Okay, I will weigh in with my inflation adjusted two cent’s worth. While not directly responsive to your question, I think the spirit of it is this:
This is a fantasy hobby. It’s all about imagination, whether you’re a “rivet counter” or not. When I got into the hobby in the early sixties, most modestly priced equipment came with cast piping, grab irons and the like. We didn’t love it then, but we could pretend it was the real thing. Nowadays, even the modestly priced stuff has infinitely better detailing and most of it performs
better and more reliably. Back in the sixties, PFM and, I believe Tenshodo, among others, offered brass locos in the $300.00 range. They featured lost wax castings and a high degree of detail but were unpainted.

No matter which aspects of the hobby you enjoy most, benchwork, wiring, building, operating, etc., realism has to rank way, way up there on your priorities. Given all that, I believe you get at least as much bang for your buck today as you ever did - maybe more. What value do you attach to the time you spent lovingly aging, weathering and superdetailing or just watching the beautiful little things go 'round and 'round?

BTW, when I was in my teens cokes and candy bars were a nickel except for a couple of premium items that went for a dime, which we normally passed on in favor of two of the nickel jobbies.

To all: enjoy the hobby and don’t fret.

Fifteen cent candy bars? I remember when a Baby Ruth was 5 cents! Boy, is my age showing. From the description of what AHC in New York was like, is it possible that it is now called Trainland / Trainworld? From what I have been told by a person who has been there, it sounds similar to the description of AHC.

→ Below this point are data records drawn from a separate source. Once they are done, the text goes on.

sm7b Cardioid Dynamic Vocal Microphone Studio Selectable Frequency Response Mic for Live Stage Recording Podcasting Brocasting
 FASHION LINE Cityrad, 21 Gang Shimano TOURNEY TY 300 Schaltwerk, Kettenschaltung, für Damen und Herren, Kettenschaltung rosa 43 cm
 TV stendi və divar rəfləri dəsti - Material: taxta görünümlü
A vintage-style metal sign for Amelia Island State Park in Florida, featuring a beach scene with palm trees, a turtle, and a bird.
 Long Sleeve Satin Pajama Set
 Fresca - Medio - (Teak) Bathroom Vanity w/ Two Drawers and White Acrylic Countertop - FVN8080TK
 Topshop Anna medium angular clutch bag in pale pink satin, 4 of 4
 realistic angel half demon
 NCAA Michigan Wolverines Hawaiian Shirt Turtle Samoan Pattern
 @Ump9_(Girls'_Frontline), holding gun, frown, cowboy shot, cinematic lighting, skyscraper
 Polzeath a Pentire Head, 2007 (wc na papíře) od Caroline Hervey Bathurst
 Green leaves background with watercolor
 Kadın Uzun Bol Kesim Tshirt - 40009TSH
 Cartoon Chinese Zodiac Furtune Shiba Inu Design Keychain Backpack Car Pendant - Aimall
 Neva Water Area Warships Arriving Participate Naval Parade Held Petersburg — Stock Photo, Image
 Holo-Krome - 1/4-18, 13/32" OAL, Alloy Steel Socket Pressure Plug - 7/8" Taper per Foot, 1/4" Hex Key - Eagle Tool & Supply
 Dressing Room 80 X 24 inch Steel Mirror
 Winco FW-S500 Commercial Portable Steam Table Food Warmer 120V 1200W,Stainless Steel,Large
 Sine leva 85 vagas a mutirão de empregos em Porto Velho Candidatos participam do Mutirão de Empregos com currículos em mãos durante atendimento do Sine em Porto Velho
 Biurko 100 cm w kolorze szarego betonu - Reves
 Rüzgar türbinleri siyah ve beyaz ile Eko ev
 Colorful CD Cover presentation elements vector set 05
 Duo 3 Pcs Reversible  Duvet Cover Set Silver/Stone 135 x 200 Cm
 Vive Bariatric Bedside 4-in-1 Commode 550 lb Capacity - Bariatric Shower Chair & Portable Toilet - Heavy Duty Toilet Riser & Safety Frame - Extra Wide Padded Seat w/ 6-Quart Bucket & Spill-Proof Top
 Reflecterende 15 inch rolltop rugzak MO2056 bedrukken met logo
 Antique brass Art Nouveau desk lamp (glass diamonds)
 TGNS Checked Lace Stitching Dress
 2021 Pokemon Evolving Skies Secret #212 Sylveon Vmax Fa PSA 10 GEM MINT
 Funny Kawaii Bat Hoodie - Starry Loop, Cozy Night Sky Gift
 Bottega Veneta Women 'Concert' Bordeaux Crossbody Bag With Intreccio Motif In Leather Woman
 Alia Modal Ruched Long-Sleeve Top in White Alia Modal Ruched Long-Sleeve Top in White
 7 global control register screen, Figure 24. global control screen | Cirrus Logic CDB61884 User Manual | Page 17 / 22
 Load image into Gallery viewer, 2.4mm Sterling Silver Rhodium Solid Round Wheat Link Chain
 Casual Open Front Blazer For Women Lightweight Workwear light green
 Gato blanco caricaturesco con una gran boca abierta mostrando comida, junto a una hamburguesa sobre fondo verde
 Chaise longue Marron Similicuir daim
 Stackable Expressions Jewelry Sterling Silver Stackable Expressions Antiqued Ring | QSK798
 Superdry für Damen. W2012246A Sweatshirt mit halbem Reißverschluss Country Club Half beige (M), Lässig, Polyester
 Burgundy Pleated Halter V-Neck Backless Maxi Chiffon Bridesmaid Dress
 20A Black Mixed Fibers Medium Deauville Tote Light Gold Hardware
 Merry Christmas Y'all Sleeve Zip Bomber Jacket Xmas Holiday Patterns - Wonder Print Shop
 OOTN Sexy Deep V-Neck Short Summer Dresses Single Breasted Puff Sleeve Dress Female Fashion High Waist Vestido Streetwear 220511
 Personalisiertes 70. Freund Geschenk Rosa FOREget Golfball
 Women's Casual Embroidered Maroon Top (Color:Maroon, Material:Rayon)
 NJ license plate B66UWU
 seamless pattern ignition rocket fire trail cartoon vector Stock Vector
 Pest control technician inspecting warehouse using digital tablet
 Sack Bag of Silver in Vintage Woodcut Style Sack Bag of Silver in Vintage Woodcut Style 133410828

I think they may have been much cheaper than that. As a teenage model railroader in the late 1950’s and early 1960’s I purchased a brass 2-6-0 with a Vanderbilt tender for $35.00 and a Shay for $60.00. I had a paper route and the hobby shop owner allowed me to pay for them a with few dollars a week. They were both undecorated and brush painted and hand lettered them. They were sold off when I got out of the hobby, wish I had them now! [:(]

Bob Boudreau

Yes, this is scarey. I can remember eating 15 cent candy bars and reading some article saying that candy bars, with the rate of inflation, would cost almost a dollar by the year 2000. Yikes!

As to trains, I think prices were kept extremely low (almost too low) until the 1990s, when they started shooting up. Compared to the long view (from the 50s or 60s to today) prices are still reasonable. But complared to what they were 10-15 years ago (when $5 freight cars will still common, as were locos under $50), prices have doubled, tripled and quadrupled.

In 1969, my first PFM NKP Berkshire was 64.95 unpainted. The PFM Santa Fe 3776 class 4 8 4 was 99 bucks and some of the Tenshodo painted models were in the unheard of price of 125 to 145. These prices rose sharply durning the early 1970’s as the dollar to yen changed to favor Japan. By 1975, the Tenshodo challengers were about 585 and my first Key Challengers imported in 1986 cost me about 700, but that was not list price off course. I was shocked when the rerun of the PFM imported Tenshodo Big Boys came in at one-thousand dollars. I cancelled my Tenshod order and purchased a USH O scale Big Boy for just a few dollars more.

Today, the Trix runs better than any single early run brass that was made, unless you worked on it.

We have better models today available to us, but they are not cheap.